- Opening Delimiter -

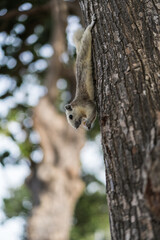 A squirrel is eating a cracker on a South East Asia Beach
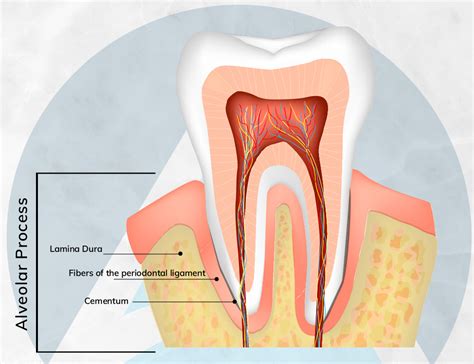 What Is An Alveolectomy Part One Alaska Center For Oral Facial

- Closing Delimiter -
- Opening Delimiter -

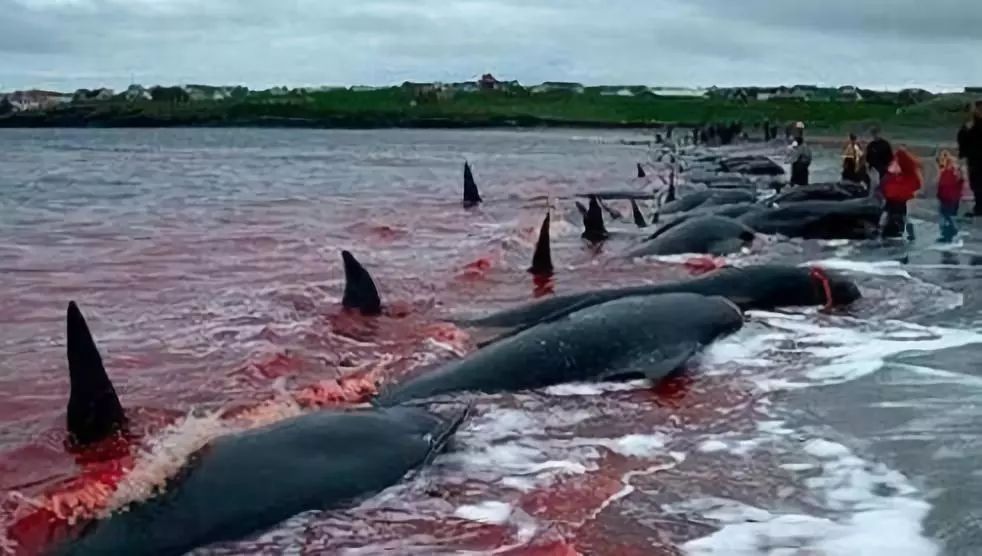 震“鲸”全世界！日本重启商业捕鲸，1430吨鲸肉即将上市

- Closing Delimiter -

= About this exercise =
Your answer should be the lines above, word for word, from the line with "A squirrel is" through the line with "What Is An Alveolectomy", minus the pictures.

= Written response =
 A squirrel is eating a cracker on a South East Asia Beach
 What Is An Alveolectomy Part One Alaska Center For Oral Facial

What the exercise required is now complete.